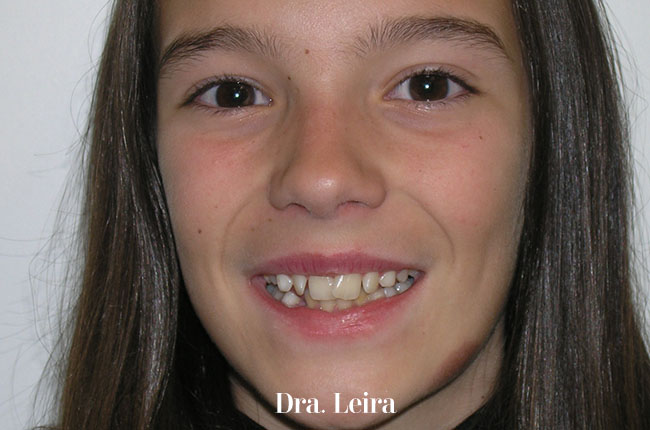 Imagen de la paciente con mandíbula retruida antes del tratamiento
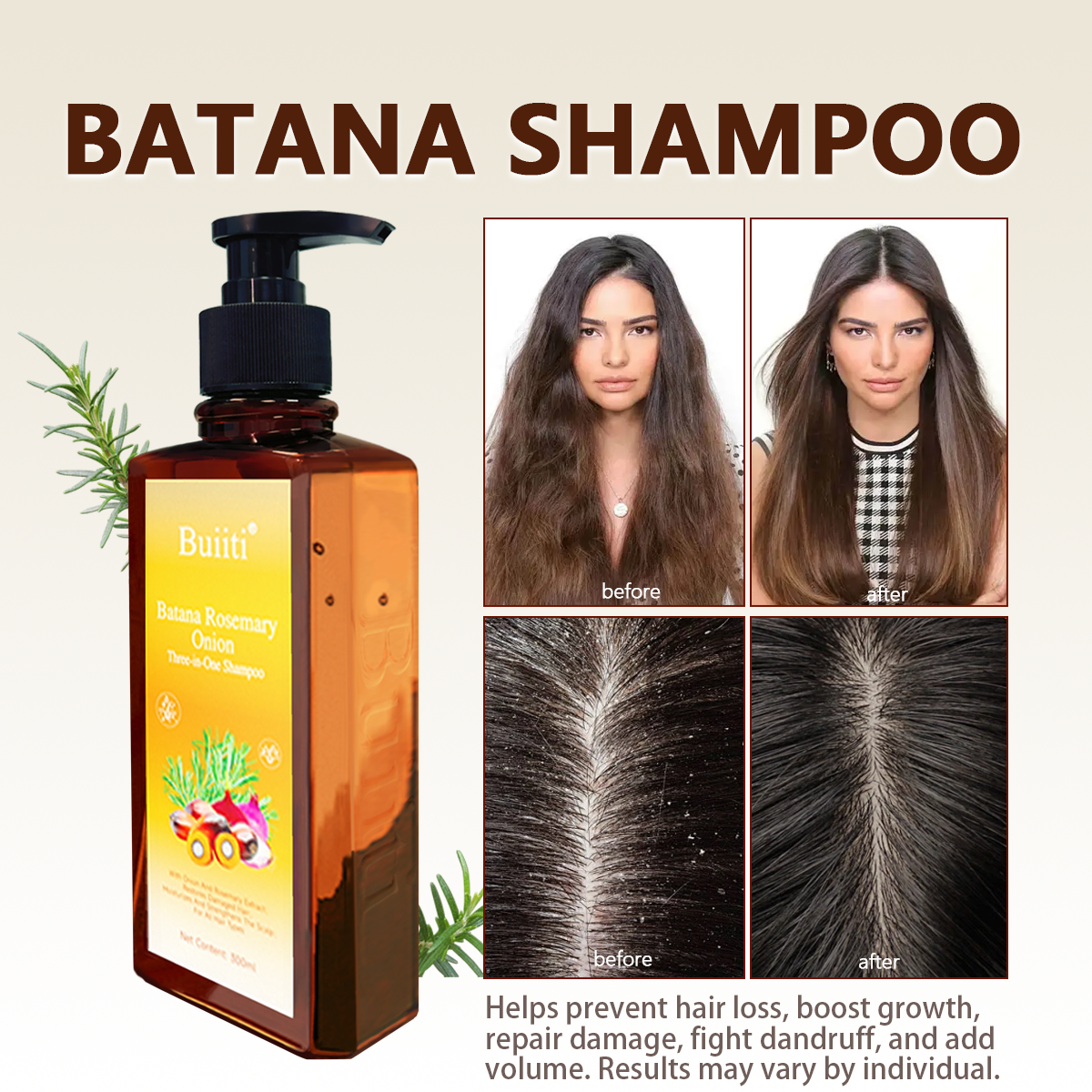 Buiiti Batana Rosemary Onion Three - in - One Anti-Hair Fall HairLoss Treatment Shampoo,Oil Control Antidandruff Haircare,Help HairGrowth For all hair types, natural Haircare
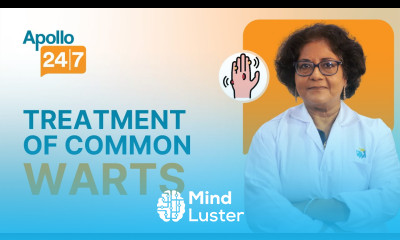 How to Get Rid of Warts Masse Dr Srabani Ghosh Zoha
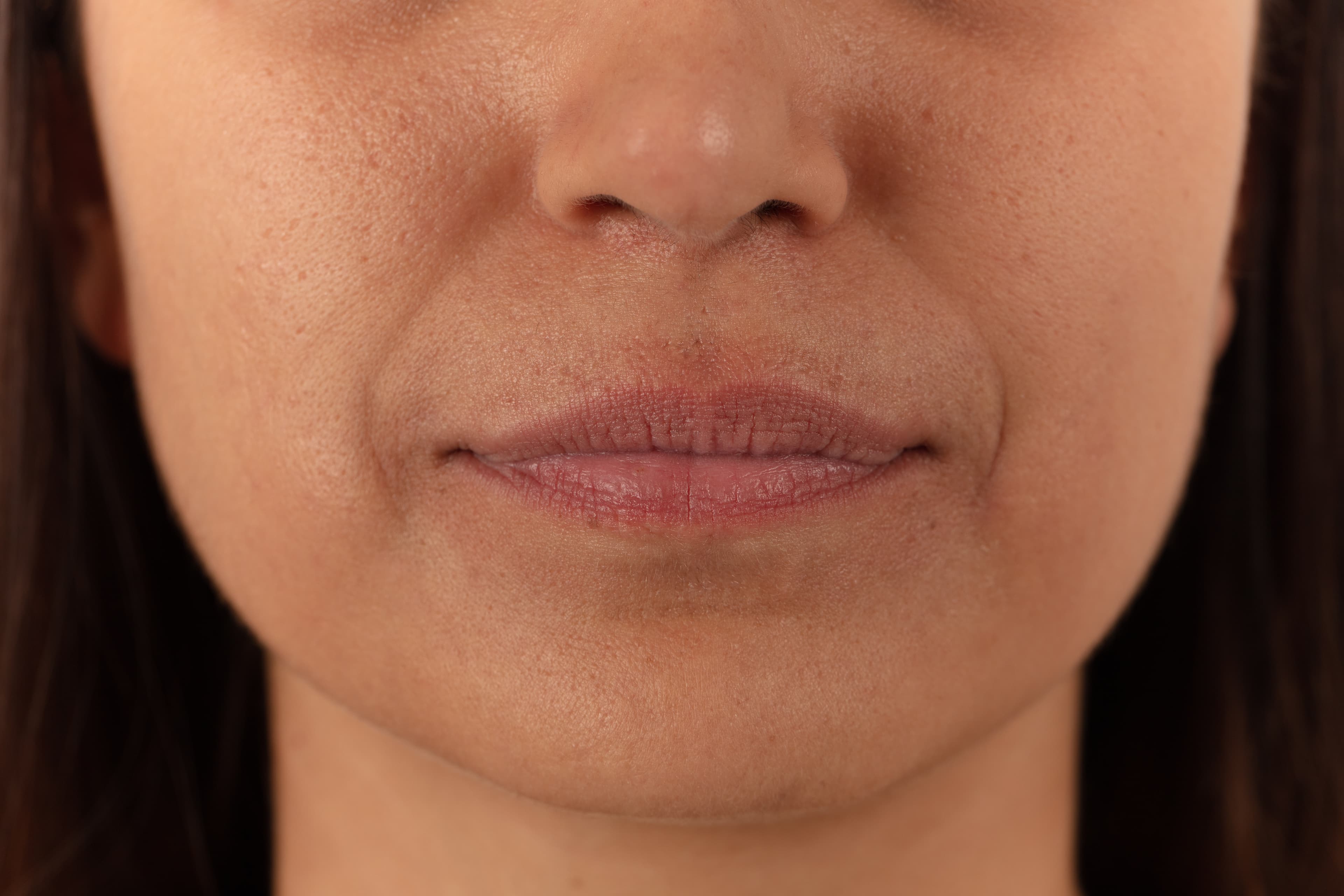 Lip Lift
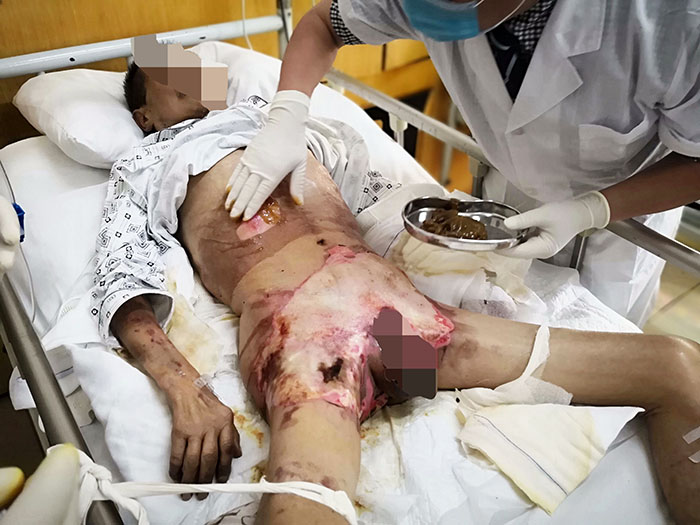 NG电子游戏·(中国区)官方网站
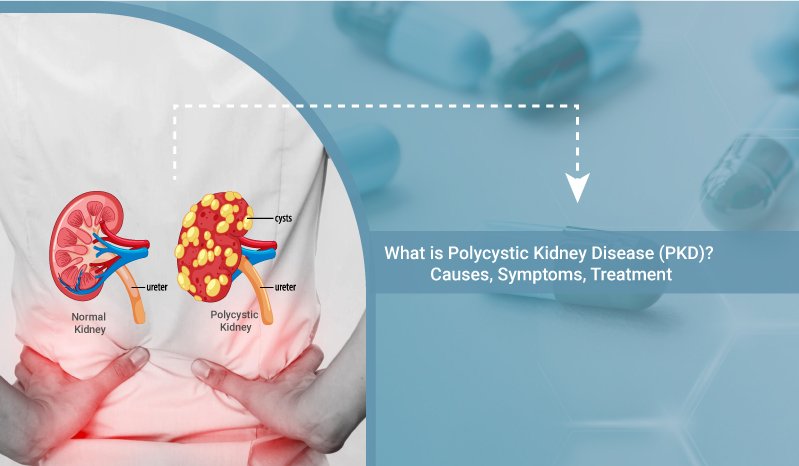 Polycystic-Kidney-Disease-causes-symptoms-treatment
------------------------------------------------------------------------
— What the exercise asks —
Leave the pictures aside. Set down exactly the lines from the one with "Buiiti Batana Rosemary" through the final line of the listing above.

— Exercise output —
 Buiiti Batana Rosemary Onion Three - in - One Anti-Hair Fall HairLoss Treatment Shampoo,Oil Control Antidandruff Haircare,Help HairGrowth For all hair types, natural Haircare
 How to Get Rid of Warts Masse Dr Srabani Ghosh Zoha
 Lip Lift
 NG电子游戏·(中国区)官方网站
 Polycystic-Kidney-Disease-causes-symptoms-treatment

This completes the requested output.